- [Task item] With every picture left out, give the data below back exactly.

Image-caption web data
= Beginning of Section =
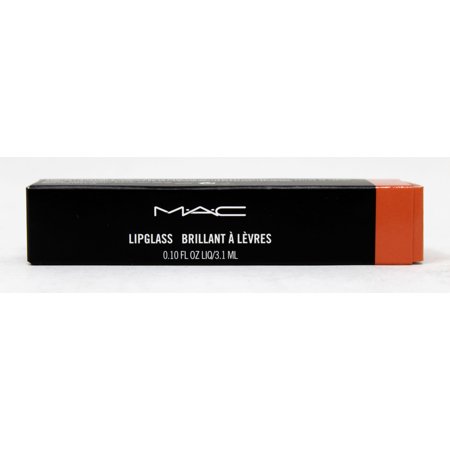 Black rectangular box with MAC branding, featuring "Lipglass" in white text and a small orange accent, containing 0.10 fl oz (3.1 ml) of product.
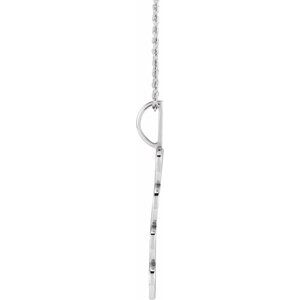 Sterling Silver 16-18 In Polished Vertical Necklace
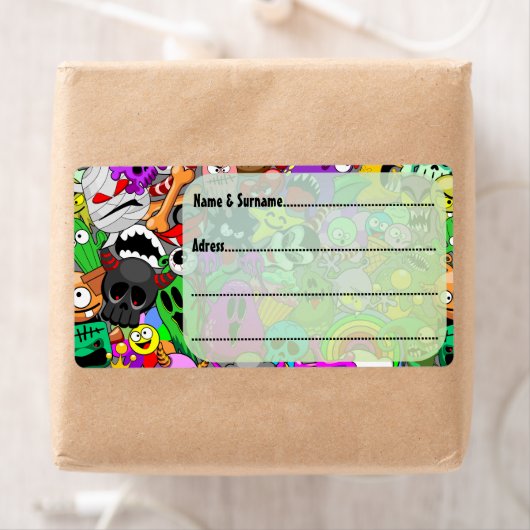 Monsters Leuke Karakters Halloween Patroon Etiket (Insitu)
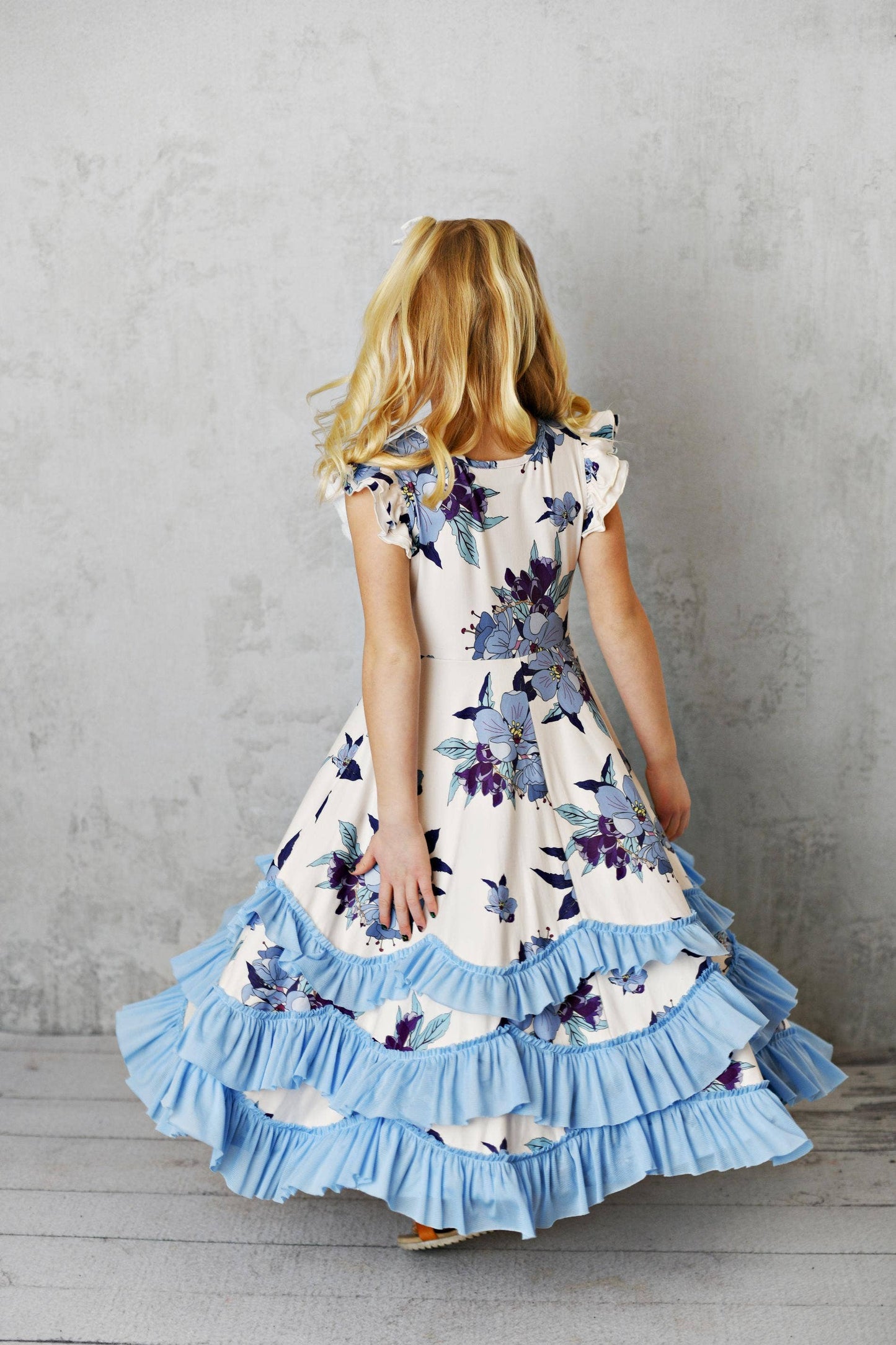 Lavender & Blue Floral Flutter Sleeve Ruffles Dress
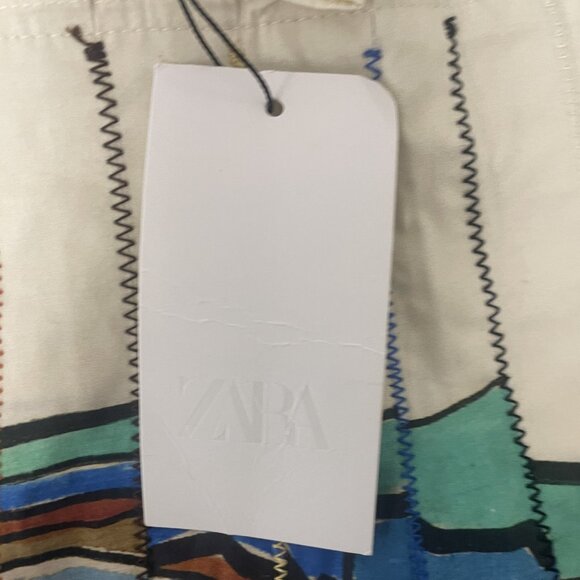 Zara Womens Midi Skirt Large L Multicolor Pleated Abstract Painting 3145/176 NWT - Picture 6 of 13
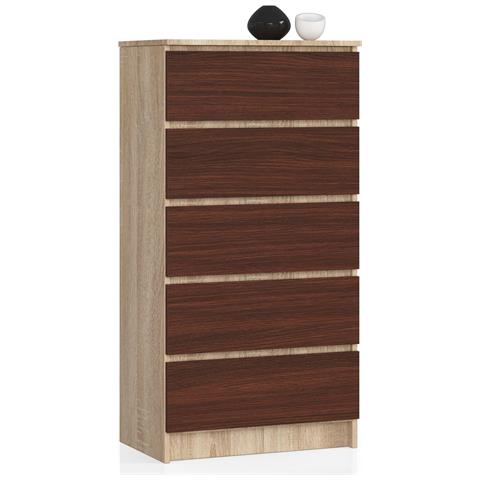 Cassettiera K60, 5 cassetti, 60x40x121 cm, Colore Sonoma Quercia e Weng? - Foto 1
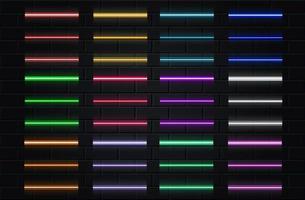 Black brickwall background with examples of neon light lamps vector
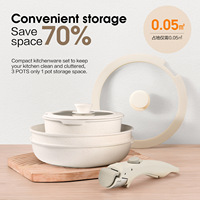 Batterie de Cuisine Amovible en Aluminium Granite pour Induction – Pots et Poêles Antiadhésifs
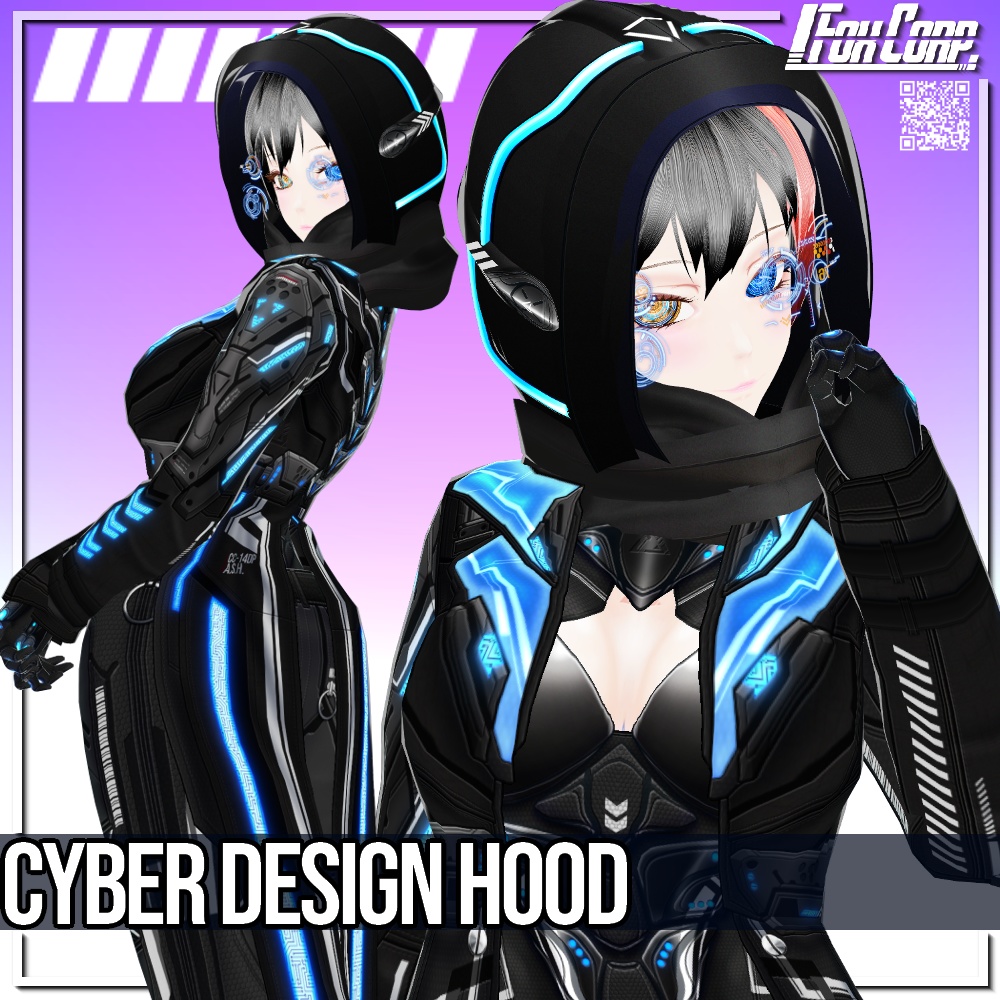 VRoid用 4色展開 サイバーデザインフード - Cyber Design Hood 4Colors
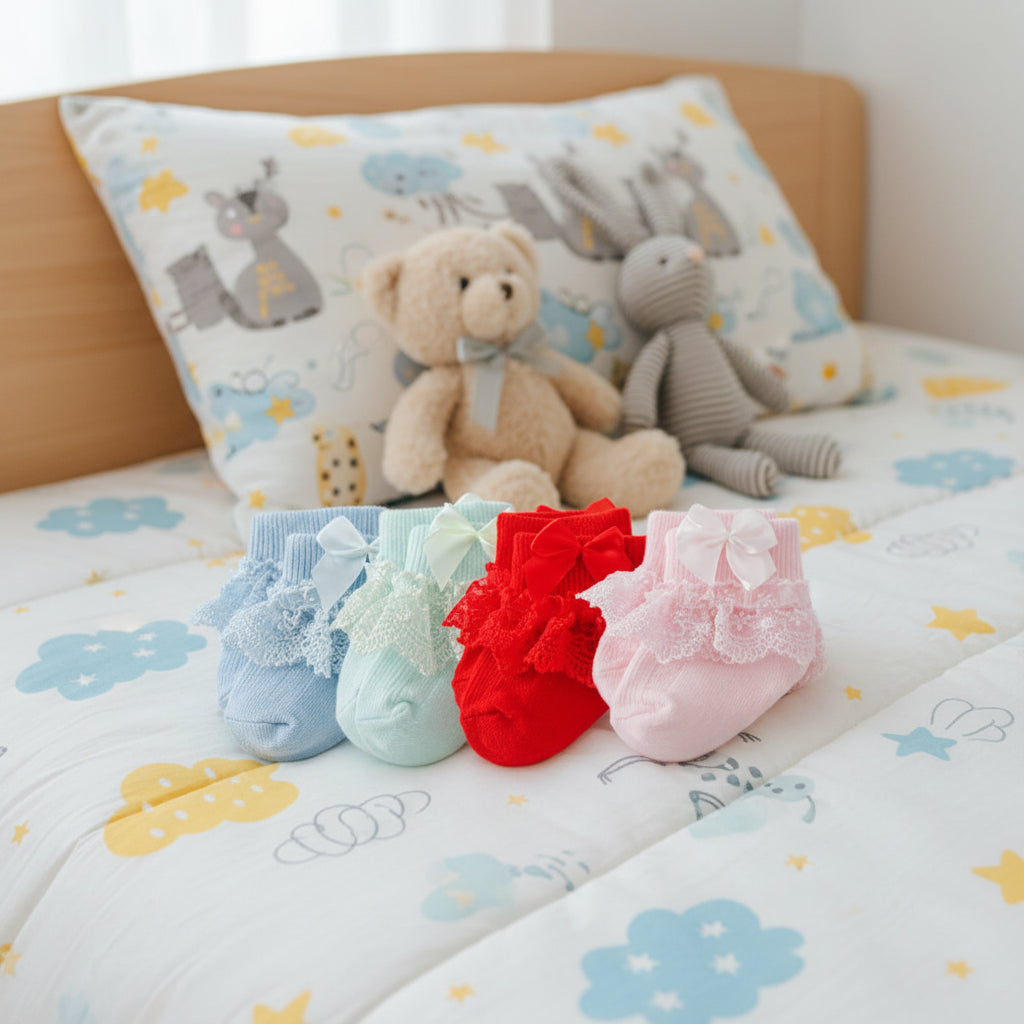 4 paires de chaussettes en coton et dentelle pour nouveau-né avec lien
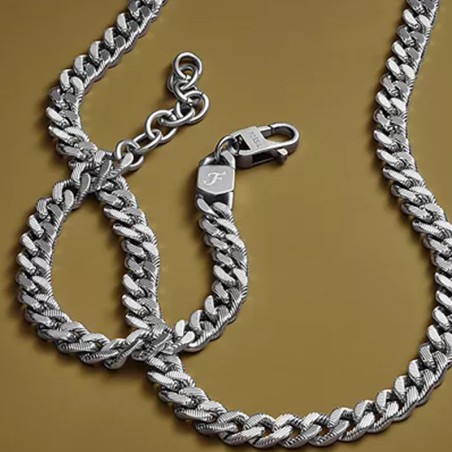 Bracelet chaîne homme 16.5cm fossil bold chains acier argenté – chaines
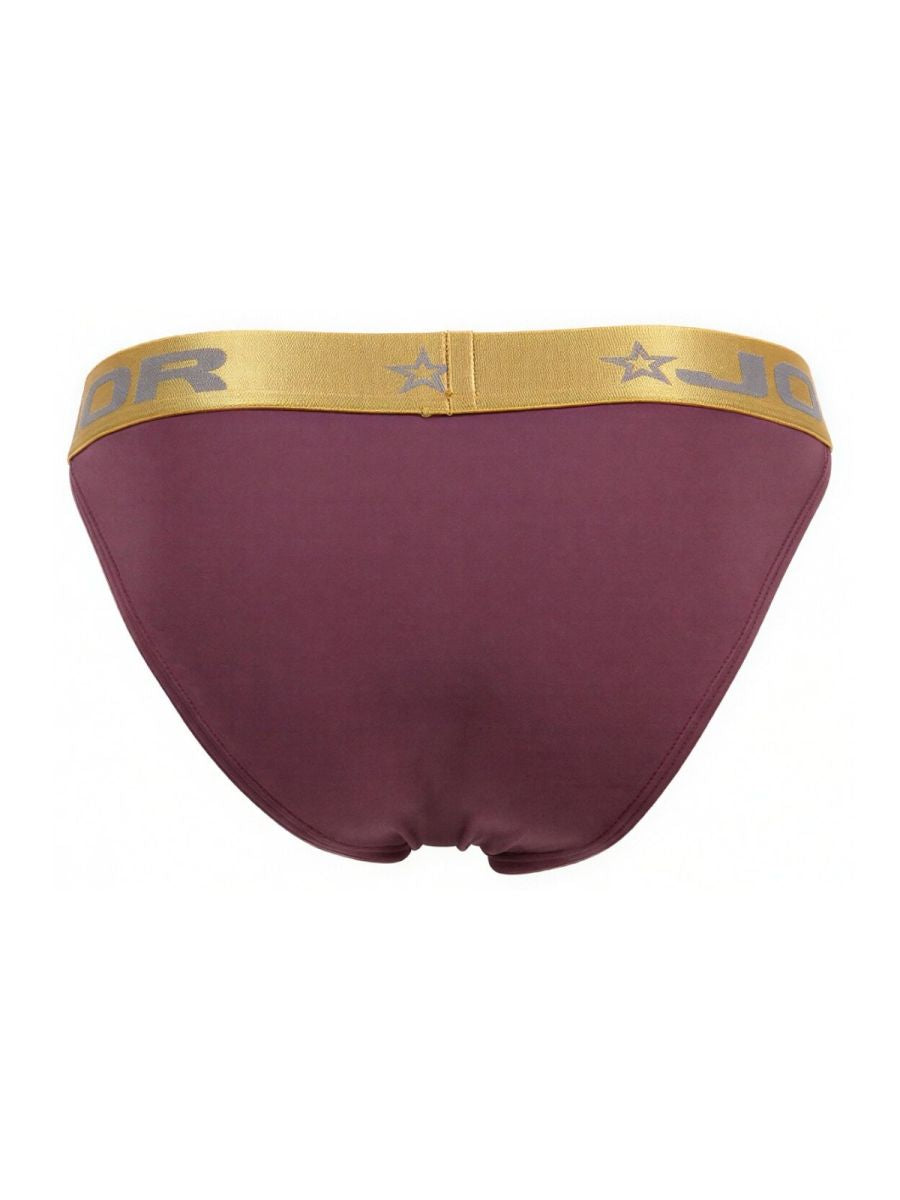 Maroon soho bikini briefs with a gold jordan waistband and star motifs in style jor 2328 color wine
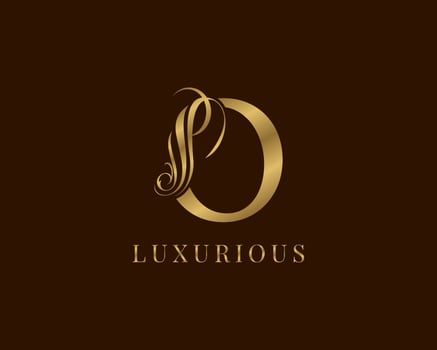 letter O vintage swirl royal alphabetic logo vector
= End of Section =
- [Answer below]
 Black rectangular box with MAC branding, featuring "Lipglass" in white text and a small orange accent, containing 0.10 fl oz (3.1 ml) of product.
 Sterling Silver 16-18 In Polished Vertical Necklace
 Monsters Leuke Karakters Halloween Patroon Etiket (Insitu)
 Lavender & Blue Floral Flutter Sleeve Ruffles Dress
 Zara Womens Midi Skirt Large L Multicolor Pleated Abstract Painting 3145/176 NWT - Picture 6 of 13
 Cassettiera K60, 5 cassetti, 60x40x121 cm, Colore Sonoma Quercia e Weng? - Foto 1
 Black brickwall background with examples of neon light lamps vector
 Batterie de Cuisine Amovible en Aluminium Granite pour Induction – Pots et Poêles Antiadhésifs
 VRoid用 4色展開 サイバーデザインフード - Cyber Design Hood 4Colors
 4 paires de chaussettes en coton et dentelle pour nouveau-né avec lien
 Bracelet chaîne homme 16.5cm fossil bold chains acier argenté – chaines
 Maroon soho bikini briefs with a gold jordan waistband and star motifs in style jor 2328 color wine
 letter O vintage swirl royal alphabetic logo vector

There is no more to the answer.